Citius Pharmaceuticals Announces Closing of $15 Million Registered Direct Offering
Citius Pharmaceuticals Announces Closing of $15 Million Registered Direct Offering
CRANFORD, N.J., April 30, 2024 /PRNewswire/ -- Citius Pharmaceuticals Inc. (Nasdaq: CTXR) ("Citius" or the "Company"), a late-stage biopharmaceutical company dedicated to the development and commercialization of first-in-class critical care products, today announced that it has closed its previously announced registered direct offering for the purchase of an aggregate of 21,428,574 shares of its common stock and accompanying warrants to purchase up to an aggregate of 21,428,574 shares of its common stock, at a purchase price of $0.70 per share and accompanying warrant. The warrants have an exercise price of $0.75 per share, will be exercisable six months from the date of issuance, and will expire five years from the initial exercise date.
新澤西州克蘭福德,2024年4月30日 /PRNewswire/ — 致力於開發和商業化的後期生物製藥公司Citius Pharmicals Inc.(納斯達克股票代碼:CTXR)(“Citius” 或 “公司”)今天宣佈,已完成先前宣佈的總共21,428,574股股票的註冊直接發行普通股和隨附的認股權證,以每股0.70美元的收購價格購買最多21,428,574股普通股及其附帶的認股權證逮捕令。認股權證的行使價爲每股0.75美元,自發行之日起六個月內可行使,並將自首次行使之日起五年內到期。
H.C. Wainwright & Co. acted as the exclusive placement agent for the offering.
H.C. Wainwright & Co. 擔任本次發行的獨家配售代理。
The aggregate gross proceeds to the Company from the offering were approximately $15 million, before deducting the placement agent fees and other offering expenses payable by the Company. Citius currently intends to use the net proceeds from the offering for general corporate purposes, including pre-clinical and clinical development of our product candidates and working capital and capital expenditures.
在扣除公司應付的配售代理費和其他發行費用之前,公司從本次發行中獲得的總收益約爲1500萬美元。Citius目前打算將本次發行的淨收益用於一般公司用途,包括我們的候選產品的臨床前和臨床開發以及營運資金和資本支出。

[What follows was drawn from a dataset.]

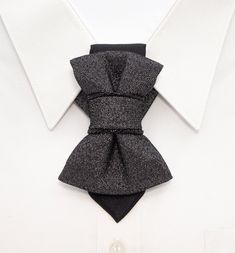 "Hopper tie is a new original product, presented by Ruty Design. This unisex accessory is a modern combination of elements found on traditional ties and bow ties. Why choose Hopper ties? If you value exclusivity and comfort, this is the accessory for you! The most important feature of the accessory for women - versatility! It, in addition to the usual way, can also be worn as a brooch and as a pendant (by inserting an existing chain, bow, etc. into its upper fold). The accessory can be additiona Cheap Elegant Business Ties, Luxury Professional Suit And Tie Accessories For Office, Luxury Elegant Evening Suit And Tie Accessories, Luxury Elegant Ties For Business Casual, Luxury Modern Suit And Tie Accessories For Work, Cheap Tie-side Bottoms For Parties, Luxury Solid Suit And Tie Accessories For Work, Luxury Elegant Suit And Tie Accessories For Workwear, Necktie For Women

The securities described above were offered pursuant to a "shelf" registration statement (File No. 333-277319) filed with the Securities and Exchange Commission ("SEC") on February 23, 2024 and declared effective on March 1, 2024. The offering was made only by means of a prospectus, including a prospectus supplement, forming a part of the effective registration statement. The prospectus supplement and the accompanying prospectus relating to the securities offered was filed with the SEC and is available at the SEC's website at www.sec.gov. Electronic copies of the prospectus supplement and the accompanying prospectus relating to the securities being offered may also be obtained by contacting H.C. Wainwright & Co., LLC at 430 Park Avenue, 3rd Floor, New York, NY 10022, by telephone at (212) 856-5711 or e-mail at [email protected].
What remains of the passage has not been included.